1. Create a header file with a const in the class: ConstHeader.h

#ifndef __CONSTHEADER_H__
#define __CONSTHEADER_H__

const int TestConst = 10;

class ConstHeader
{
public:
	ConstHeader();

	int get_num() const;

private:
	const int num;
};

#endif //__CONSTHEADER_H__

2. Create source file ConstHeader.cpp

#include "ConstHeader.h"

ConstHeader::ConstHeader() :
	num(TestConst)
{
}

int ConstHeader::get_num() const
{
	return num;
}

3. Create the program that uses the const: UseConst.cpp

#include 
#include "ConstHeader.h"

using namespace std;

int main(int argc, char** argv)
{
	ConstHeader header;
	cout << "number in executable " << TestConst << endl
		<< "number in library " << header.get_num() << endl;
	return 0;
}

4. Compile ConstHeder.cpp into a shared library

$ g++ -shared -Wl,-soname,libConstHeader.so -o libConstHeader.so ConstHeader.cpp

5. Create the program linking to the shared library

$ g++ -o UseConst UseConst.cpp -L. -lConstHeader

6.Run the program

$ LD_LIBRARY_PATH=. ./UseConst
number in executable 10
number in library 10

That looks pretty good. The program uses the same const value as the one in the shared library.

Now what happen if we update the shared library?
Let's change the value of the const TestConst in the shared library

const int TestConst = 20;

Create the shared library and run the program again without recompiling

$ g++ -shared -Wl,-soname,libConstHeader.so -o libConstHeader.so ConstHeader.cpp
$ LD_LIBRARY_PATH=. ./UseConst
number in executable 10
number in library 20

Ooops. When it uses the const directly, it gets 10. While the shared library shows the value is 20.

What's Wrong

Let us pause a minute to think about what's changed. You use a const integer TestConst in a shared library. But the library is updated. Pay extra attentions to the const that are defined in a shared library. Sometimes, when the value is changed. it'll be pain in the ass to debug it. This is the same to an enum's implicit value. For example:

enum class Color
{
	red = 0,
	blue,
	yellow,
};

If this is from a third party library and the enum Color is changed in a new version. E.g.

enum class Color
{
	red = 0,
	green,
	blue,
	yellow,
};

Your program will be broken if you use Color::yellow and Color::blue and don't compile against to the updated header.

All the const and enums defined in the header files can be accessed from a separate compile unit. They are actually interfaces, part of the contract. As a library user, when you use an interface, you expect that the same interface doing the same things in all the versions of the library. Your application relies on that to function well. As a library author, you don't want to drive your user crazy. Don't change the public interfaces.

How to Mitigate It

It depends on your purpose. As a library author, if you just want to provide a well defined value to the library user, use a function to return the value. This will have some overhead in function call, but you can change the value in future version. In C#, you also can declare the variable readonly instead of const. Either way it won't become a compile time constant. Instead, the run time will read the value from your library and it still cannot be changed.
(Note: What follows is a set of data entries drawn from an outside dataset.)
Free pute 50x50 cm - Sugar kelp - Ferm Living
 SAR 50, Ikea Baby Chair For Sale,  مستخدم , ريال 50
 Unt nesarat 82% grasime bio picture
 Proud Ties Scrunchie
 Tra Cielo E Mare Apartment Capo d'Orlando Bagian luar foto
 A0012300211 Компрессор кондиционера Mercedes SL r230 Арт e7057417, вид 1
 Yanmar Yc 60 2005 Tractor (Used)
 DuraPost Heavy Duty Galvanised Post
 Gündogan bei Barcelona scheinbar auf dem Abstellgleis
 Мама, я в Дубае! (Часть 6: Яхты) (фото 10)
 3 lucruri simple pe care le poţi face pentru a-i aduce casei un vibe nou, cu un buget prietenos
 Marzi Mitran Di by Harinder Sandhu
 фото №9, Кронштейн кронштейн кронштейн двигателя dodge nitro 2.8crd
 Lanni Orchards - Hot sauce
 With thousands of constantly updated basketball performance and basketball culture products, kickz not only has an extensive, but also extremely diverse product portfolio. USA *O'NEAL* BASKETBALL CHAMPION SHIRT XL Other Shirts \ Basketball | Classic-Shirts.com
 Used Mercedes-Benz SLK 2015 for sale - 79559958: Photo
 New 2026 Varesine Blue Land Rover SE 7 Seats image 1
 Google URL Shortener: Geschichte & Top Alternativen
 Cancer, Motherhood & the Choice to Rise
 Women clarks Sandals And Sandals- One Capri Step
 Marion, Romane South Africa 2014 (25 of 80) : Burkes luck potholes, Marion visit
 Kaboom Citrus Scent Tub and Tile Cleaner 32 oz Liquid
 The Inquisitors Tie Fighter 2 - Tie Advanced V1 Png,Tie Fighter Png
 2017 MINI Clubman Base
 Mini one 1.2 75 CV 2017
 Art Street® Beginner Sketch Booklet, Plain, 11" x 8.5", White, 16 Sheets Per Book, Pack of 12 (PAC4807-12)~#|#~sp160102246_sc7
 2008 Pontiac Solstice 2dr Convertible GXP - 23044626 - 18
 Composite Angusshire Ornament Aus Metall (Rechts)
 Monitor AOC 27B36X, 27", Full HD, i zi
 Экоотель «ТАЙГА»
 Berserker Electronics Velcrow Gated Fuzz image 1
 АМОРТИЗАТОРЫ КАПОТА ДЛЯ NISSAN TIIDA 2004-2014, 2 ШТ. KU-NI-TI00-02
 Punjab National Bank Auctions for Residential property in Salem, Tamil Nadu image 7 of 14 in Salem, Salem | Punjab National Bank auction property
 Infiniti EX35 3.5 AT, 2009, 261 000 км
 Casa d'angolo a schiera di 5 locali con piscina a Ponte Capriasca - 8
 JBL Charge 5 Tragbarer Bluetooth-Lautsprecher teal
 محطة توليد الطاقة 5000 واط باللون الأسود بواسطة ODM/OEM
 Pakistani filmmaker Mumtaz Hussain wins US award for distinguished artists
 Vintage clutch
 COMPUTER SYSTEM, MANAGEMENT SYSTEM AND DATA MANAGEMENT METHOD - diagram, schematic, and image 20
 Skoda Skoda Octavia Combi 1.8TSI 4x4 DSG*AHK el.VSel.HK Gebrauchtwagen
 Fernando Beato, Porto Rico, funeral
For enum, it'll be a little complicated. The first approach is that you always append the new enumerator at the end. Take Color as an example, instead of adding green in between red and blue, you always add the new enumerator after the last one: yellow. A second approach is that you always set explicit value to the enumerator as what we do to red. There are problems in collaborative work in a large team. There is no way to enforce a person to append to the last in the first approach. For the second approach, two people may use the same explicit value for new enumerators in their work, and they all check in at the same time. Comments in the code. That won't always help.

Remember, public consts and enums are interfaces. Don't change them. This is the best option to prevent them going bad.